Go Farther in Lightness was acclaimed by music critics and featured in several end-of-year lists. Nominated for eight categories at the ARIA Music Awards of 2017, four awards were won by Gang of Youths – Album of the Year, Best Group, Best Rock Album and Producer of the Year (with Adrian Breakspear). Rolling Stone Australia has listed it among the 200 greatest Australian albums of all time, and at number three in their 50 best albums of 2017. A top position was achieved in the annual Triple J album poll, and two of the tracks featured in the radio station's Hottest 100 of the 2010s.

== Background ==
In a 2017 interview with The Music, Gang of Youths frontman David Le'aupepe discussed the state of his mental health after releasing their debut studio album, The Positions (2015). He said: "I was really broken and fucked up and not in a good way. Better than I was during the actual recording process and during that part of my life, but I wasn't doing well, I don't think." While talking to Richard Kingsmill on Triple J, he added that he "went through a huge year-long writer’s block" and wrote a majority of the songs on Go Farther in Lightness during constant touring in the year prior.

On 6 February 2017, Le'aupepe announced that the album was almost completely finished, set to release on 18 August. He also revealed the band would be relocating to London amidst visa complications for band member Jung Kim.

== Composition ==

=== Production and recording ===
Go Farther in Lightness has been described as an indie rock album. It was recorded in six weeks from November 2016, alongside producer Adrian Breakspear in Darlinghurst, Sydney, and mixed in New York City by Peter Katis. Le'aupepe said the album was "painstakingly put together", but that its production "was like rehab in a way".

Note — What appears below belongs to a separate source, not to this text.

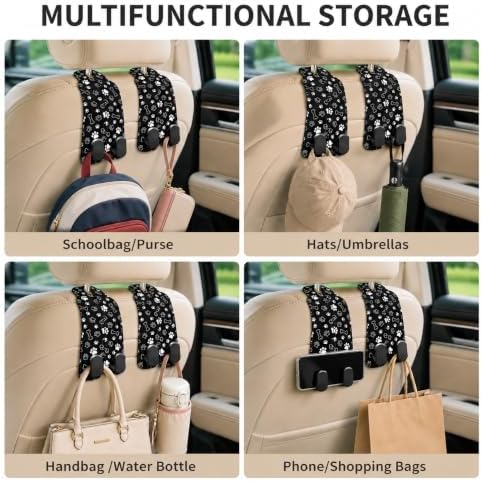 Cute Black Paw Car Seat Back Storage Headrest Hooks - Image 6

Reflecting on his influences, particularly Bruce Springsteen, the frontman discussed how the opening track "Fear and Trembling" is his "ham-fisted tribute to 'Thunder Road', which is very thinly veiled". In an interview with Triple J, he emphasised the importance of the first track, saying it was a way to "recalibrate Gang of Youths".

Le'aupepe composed three string interludes for Go Farther in Lightness "to give the listener a breather, but also to reinforce some melodic information". They act as a tribute to his classically trained father, who raised David on "everyone from Vivaldi to Puccini and Mozart". Le'aupepe had scored the final compositions, which ran over 450 pages, in three days. Track five, "L'imaginaire", is an interpolation of a Guns N' Roses melody. The second interlude, "Le symbolique", marks the record's half-way point beginning with an "elegant and moving instrumental", before "suddenly the tempo accelerates, and the energy picks up" to transition into "Let Me Down Easy".

=== Lyricism ===
With Le'aupepe as sole songwriter, tracks lyrically focus on his personal struggles. "Do Not Let Your Spirit Wane" was "born out of some big, screwed-up, recurring dream" about "losing something you love", and "Persevere" follows Le'aupepe "having a conversation with the friend who just lost a baby". The frontman's relationship with his father was a major lyrical inspiration, explaining: "I talk about his magnolia tree. I talk about the frailty in old age he’s experiencing, and missing out on the humanity he’s really starting to demonstrate at this age." In contrast to the "cinematic" orchestration of "The Deepest Sighs, the Frankest Shadows", Ben Yung of The Revue wrote that the song "reveals [Le'aupepe's] everyday struggles of loneliness, depression, and anxiety".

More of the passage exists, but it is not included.